There is absolutely no reason for them to grow unless that growth involves societal advancements like renewable energy and conservation, more efficient transport, better educational and cultural opportunities; things that actually improve life and the environment. America needs some growth to provide for increasing population - entirely the result of immigration - and possibly to correct for extreme disparity in wealth, but to borrow and spend, to consume for its own sake - like building giant houses in the exurbs and manufacturing monster SUV’s to access those far flung mcmansions - is totally unnecessary, destructive and stupid.

Most important of all, now is not the time to pull back on tackling climate change because we somehow now can’t afford to. The extremely modest goals the world has set for itself will already have no impact whatever on the problem. They are only a start on a change of consciousness that will hopefully evolve into real progress on the matter; a change in thinking that might actually someday save the planet. The work that needs to be done to tackle the problem of global warming is the only kind of growth that makes sense.

The world cannot continue to increase its population and consumption and still survive. Fixation on growth must change. It is a theoretical impossibility that is nonetheless embraced by nearly all Serious thinkers and Important people.

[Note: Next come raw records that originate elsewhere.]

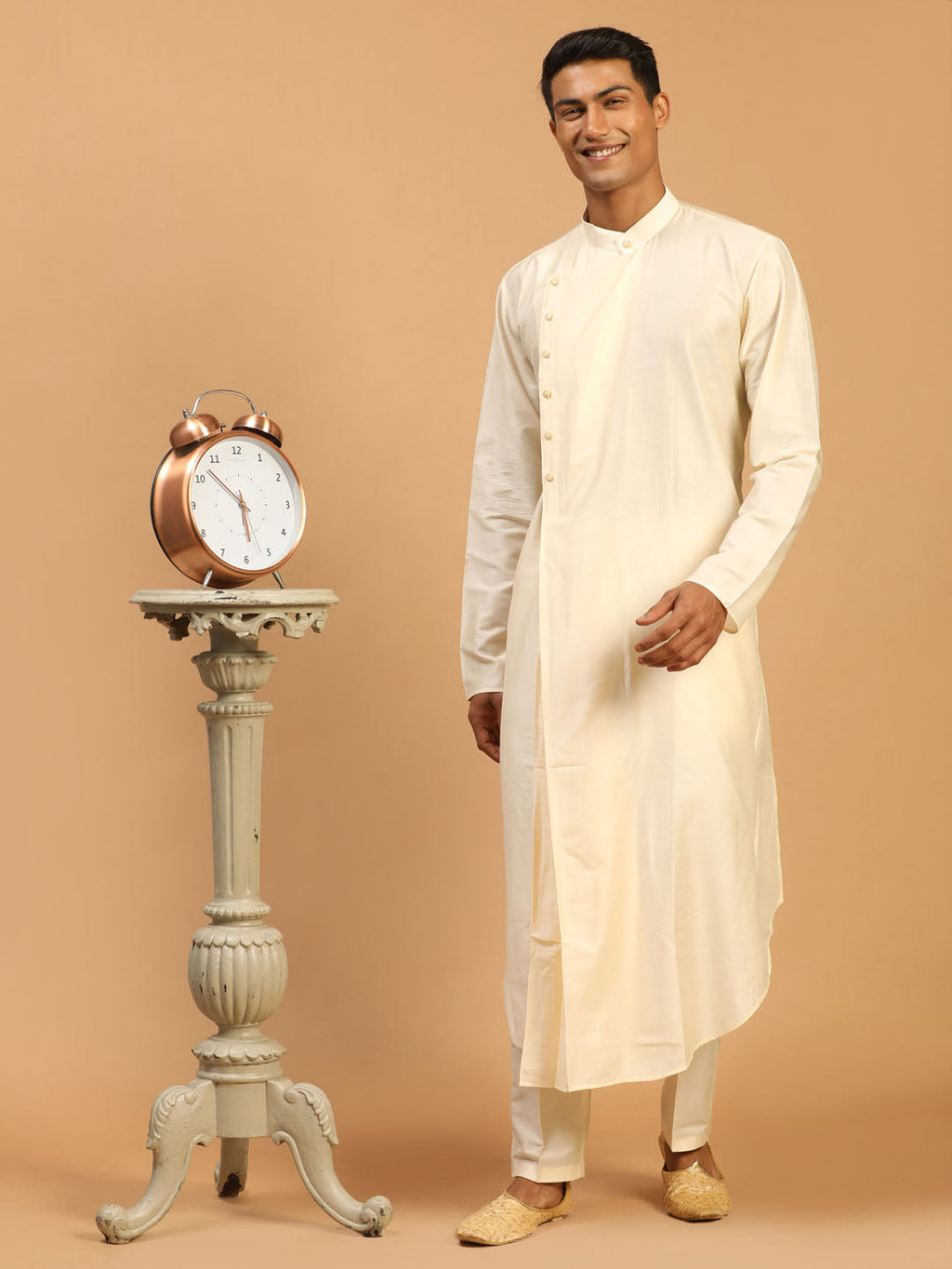 Men's Cream Pleated Kurta With Cream Pant Style Pyjama Set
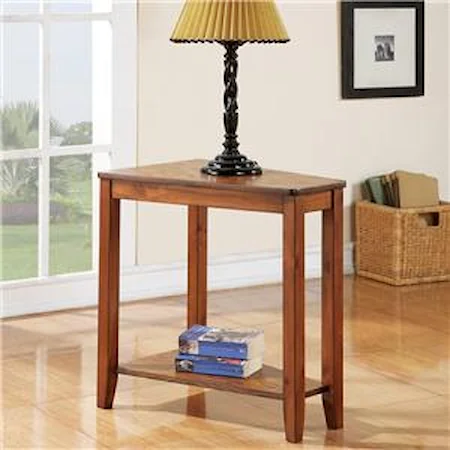 Casual Chairside End Table with Shelf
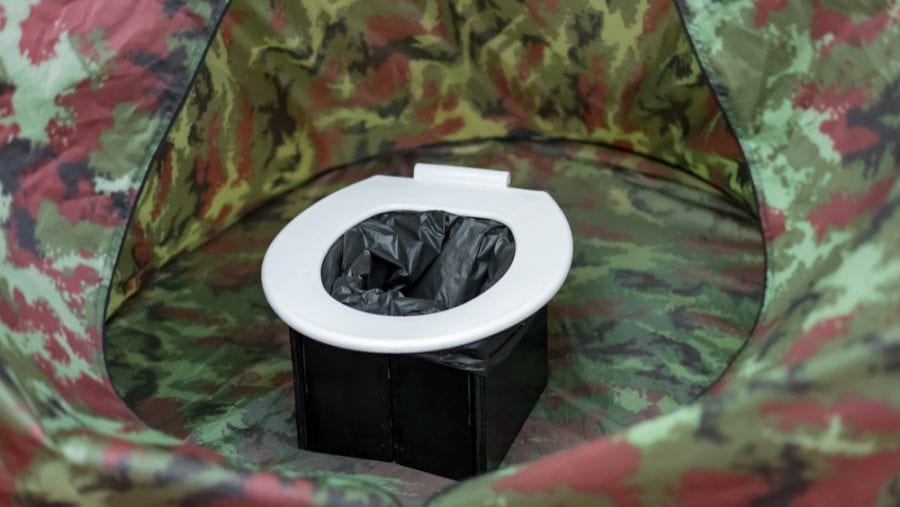 portable toilet inside tent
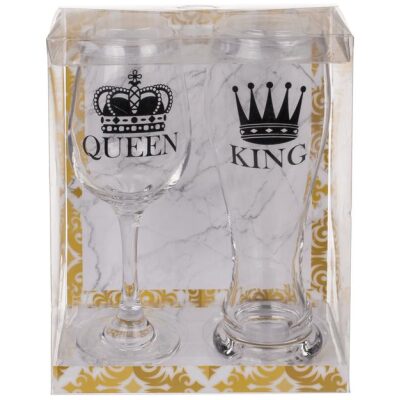 VASOS PAREJA KING&QUEEN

The worldwide economic crash provides the opportunity to settle into a new, sustainable, lightly-living lifestyle; however, I am not optimistic. No matter how badly the Establishment has fucked up the world, they will insist that their way is the only way to right it; obviously a ridiculously inane conclusion.

Many people over the world are going to suffer tremendously from this man-made disaster, we can only hope against hope it isn’t totally in vain.

It may even be possible that the poor, who have not existed in American political discourse since Reagan, will actually have their needs considered again. If that does happen it’ll only be because a lot of formerly middle class people find themselves heading towards the bottom.

Meanwhile we can try to suspend our disbelief that the feckless, spineless, close to worthless Democratic Party will somehow find the will to do at least some permanent good – like universal health care, regulation of the financial sector and building of sorely needed infrastructure. The Dems haven’t had a leader with the guts to stand for anything for a long time. Will Obama stand up to the plate, play that role, come through for America and the world?